### Exercise description
When the line containing "WEAR by Erin" appears in the data below, begin copying there and stop only after the line containing "Cozy West Palm".

### Data records

=== Section Start ===

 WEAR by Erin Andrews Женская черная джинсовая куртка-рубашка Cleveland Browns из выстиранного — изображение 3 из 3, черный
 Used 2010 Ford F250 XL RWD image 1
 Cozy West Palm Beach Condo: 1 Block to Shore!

=== Section End ===
=== Section Start ===

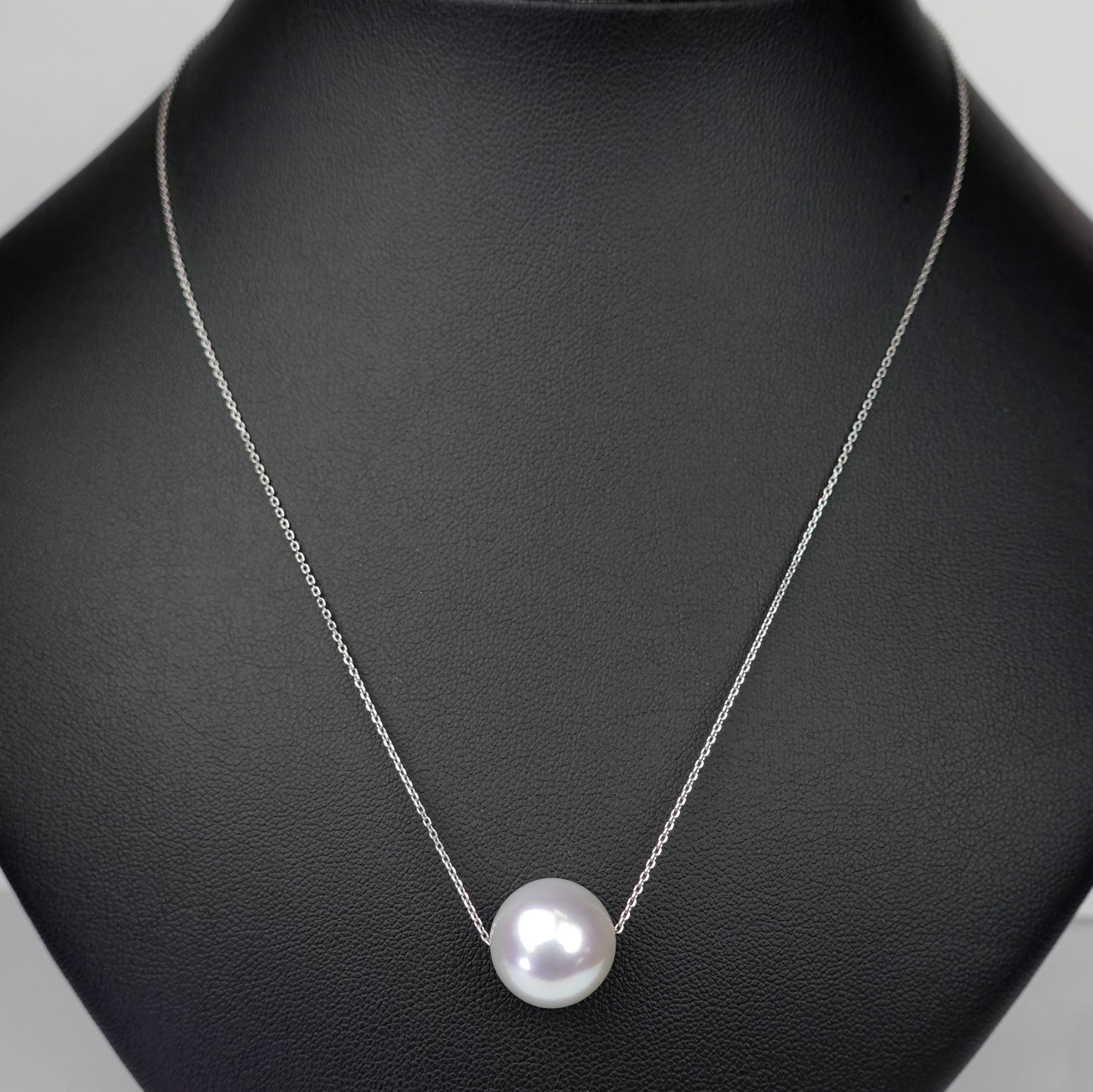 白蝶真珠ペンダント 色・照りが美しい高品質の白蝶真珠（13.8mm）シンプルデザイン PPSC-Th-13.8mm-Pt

=== Section End ===

### Response
 WEAR by Erin Andrews Женская черная джинсовая куртка-рубашка Cleveland Browns из выстиранного — изображение 3 из 3, черный
 Used 2010 Ford F250 XL RWD image 1
 Cozy West Palm Beach Condo: 1 Block to Shore!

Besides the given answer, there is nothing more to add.